__________________________Perversão em Álbum de Família
Elza Rocha Pinto
Nossa
intenção neste texto não é, em hipótese alguma, realizar um estudo sistemático
sobre o conceito de perversão. Muito menos confrontar posições, pois estaríamos
nos desviando de nossa questão principal. O foco de nosso interesse se centra sobre
a leitura de Álbum de Família. Como
esta peça está crivada de fenômenos perversos, achamos melhor introduzir o
conceito para melhor entendimento dos futuros textos. Não pretendemos,
portanto, discutir o termo perversão.
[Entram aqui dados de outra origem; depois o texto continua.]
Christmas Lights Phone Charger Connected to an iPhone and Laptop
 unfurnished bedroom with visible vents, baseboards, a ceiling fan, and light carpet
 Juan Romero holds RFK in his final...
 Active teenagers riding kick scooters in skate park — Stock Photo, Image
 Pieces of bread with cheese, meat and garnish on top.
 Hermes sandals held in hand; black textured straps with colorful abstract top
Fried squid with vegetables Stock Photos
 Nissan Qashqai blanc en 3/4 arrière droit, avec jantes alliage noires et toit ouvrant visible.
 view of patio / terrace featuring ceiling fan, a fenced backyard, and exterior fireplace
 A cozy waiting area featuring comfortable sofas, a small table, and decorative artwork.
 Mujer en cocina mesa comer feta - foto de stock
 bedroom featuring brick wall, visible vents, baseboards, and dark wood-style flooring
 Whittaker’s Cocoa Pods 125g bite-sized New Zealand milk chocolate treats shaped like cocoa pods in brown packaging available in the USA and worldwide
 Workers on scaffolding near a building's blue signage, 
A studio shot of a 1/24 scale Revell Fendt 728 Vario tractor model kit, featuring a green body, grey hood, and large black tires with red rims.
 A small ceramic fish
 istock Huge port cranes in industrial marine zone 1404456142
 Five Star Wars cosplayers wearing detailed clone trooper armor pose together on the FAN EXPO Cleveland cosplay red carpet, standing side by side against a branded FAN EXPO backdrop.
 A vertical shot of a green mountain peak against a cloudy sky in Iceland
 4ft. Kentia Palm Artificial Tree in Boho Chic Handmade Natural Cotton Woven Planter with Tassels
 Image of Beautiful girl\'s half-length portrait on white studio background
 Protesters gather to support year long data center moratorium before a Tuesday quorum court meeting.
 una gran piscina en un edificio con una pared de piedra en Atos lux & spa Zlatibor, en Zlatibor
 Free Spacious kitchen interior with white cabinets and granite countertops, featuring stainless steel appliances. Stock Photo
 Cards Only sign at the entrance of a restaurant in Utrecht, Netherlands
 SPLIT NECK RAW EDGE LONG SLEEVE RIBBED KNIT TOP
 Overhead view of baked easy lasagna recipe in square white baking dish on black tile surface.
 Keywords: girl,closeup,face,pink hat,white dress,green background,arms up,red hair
No entanto, entendemos que seria
necessário fazer pelo menos uma apresentação esquemática de alguns conceitos
chaves da linguagem psicanalítica sobre as perversões. Ou seja, vamos tentar colocar os pontos
principais sobre a teoria das perversões. Não pretendemos nos estender aos
aspectos relacionado às suas diferenças. O fetichismo, o travestismo, o
voyeurismo e o sado-masoquismo só serão tratados dentro desta perspectiva
geral. Consideramos tais diferenciações fundamentais para a teoria
psicanalítica, porém elas ultrapassariam amplamente nossa atual questão. Por
isto, aqui, só vamos reter aquilo que se relacionar de um modo mais direto com
o tema que nos ocupa. Em textos anteriores, já indicamos como as peças de
Nelson produzem personagens densos, e ricos em emoções, de forma a permitir
exemplificar todo o vasto terreno destes desvios.
Na
análise que pretendemos fazer e publicar posteriormente, como recurso de
interpretação, vamos lançar mão de algumas categorias psicanalíticas que
poderão refletir melhor o caráter e o perfil psicológico dos personagens de Álbum de Família. Para tanto se faz necessário o exame de alguns dos conceitos
freudianos sobre a) desenvolvimento da libido, b) sobre a perversão e c) sobre
algumas de suas variações, como o sadismo e o masoquismo. O foco das
perversões, e especificamente, do sadismo, fornece um excelente terreno sobre o
qual fundamentar nossa análise da peça, uma vez que a crueldade é um dos temas
favoritos de Nelson Rodrigues, sendo bastante recorrente entre seus
personagens. Para confirmar esta suposição, ao examinar a peça Álbum de Família, devemos tornar claro o significado de alguns termos.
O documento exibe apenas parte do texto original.